Cultural Bulletin
Cultural Bulletin is a quarterly magazine that provides an international view of creative work. We look to film, music, design and art as signifiers of our cultural moment.
Posts tagged Ambient
In Review: Red Lantern at the Kallikatsou - The Chi Factory featuring Hanyo van Oosterom

Record Label: Astral Industries

Hanyo van Oosterom’s (aka Chi Factory) Red Lantern at the Kallikatsou is a remix of DeepChord’s Lanterns and was released on Astral Industries on the 12th December, 2017.

Red Lantern at The Kallikatsou presents two 21 minute pieces filled with amorphous chambers soaked with history and emotion. They are set in worlds that hold the grandeur of lost civilisations - where only ruinous structures remain and haunted dissonance echoes eternally.

The record begins with water depicted figuratively, layered with indistinct speech and field recordings, before being enveloped by more mystical overtones that establish a theme that continues throughout. Over the course of the record the liquid becomes thicker - we hear cascades, dripping voids, eruptions, distant tides, reverberant rivers, still pools and at its end we experience full submersion. Each of these moments are articulated through impressionism, enhanced by synths and slow rhythms that the record is imbued with. The varying forms of water symbolically represent the power play between light and dark - a metaphor for the fragility in which life hangs, and its ability to transform between peace and chaos at any moment.

Sonically, the record employs a vast array of low fidelity YouTube samples, cassette recordings and pitch-shifted audio. The combination of these sounds, coupled with the complex layers, give a translucent quality in which the listener can hear elements that disintegrate in slow motion as something new emerges in its place. The soft distortion and distressed artefacts suggest a vulnerability within the balance of the component parts that, over time, depict a tension and unease as more somber and dissonant sounds appear.

Real beauty is both complex and simple at the same time. Witnessing beauty appear amongst distress substantiates its truth, meaning that we can more greatly appreciate its presence. AG

In Review: Finding Shore - Brian Eno and Tom Rogerson

Three Trapped Tigers frontman Tom Rogerson pairs with the great Brian Eno, delving into the depths of the subconscious, drawing on the landscape of the east of England.

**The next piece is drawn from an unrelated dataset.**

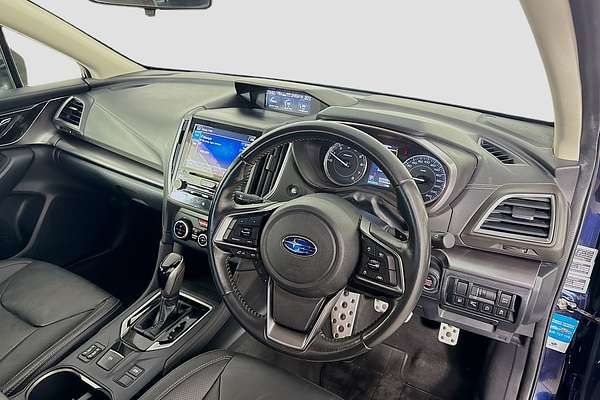 2018 Subaru Impreza 2.0i-S G5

In the 1700s, smugglers used windmill sails along the East Anglian coast as semaphores to ensure safe passage for their trade. When listening to Finiding Shore one can easily fall into the thought of Rogerson and Eno sending cryptic messages of optimism from a place drenched in British history that dates back to the Neolithic age, spanning to the foreboding uncertainty of today.

Tom Rogerson, known for his extemporaneous piano playing, opens his debut with ‘Idea of Order at Kyson Point’. It seems fitting, as this is where he and Eno both hail from. The track starts with a hypnotic bell that rings in nostalgia from Eno’s ambient series, however when Rogerson starts to play the piano, the pairs intuitive ability to find complex loops and patterns in the simplicity of their structure comes to light.

Unsurprisingly there is the occasional dissonant note that moves forward the idea of meditation and order to bring reality in through the window.

Using the Moog Piano Bar, Eno is put into the back seat, improvising with the midi signals generated by Rogerson when he breaks the infrared rays fired at the piano keys. ‘Motion in Field’, ‘Marsh Chorus’ and ‘Chain Home’ experiment with the synth to create a vibrant picture of the journey through land and sea. These tracks give a thirst for more but instead, we are given a reverberation of sound that gives the album a perfect composure.  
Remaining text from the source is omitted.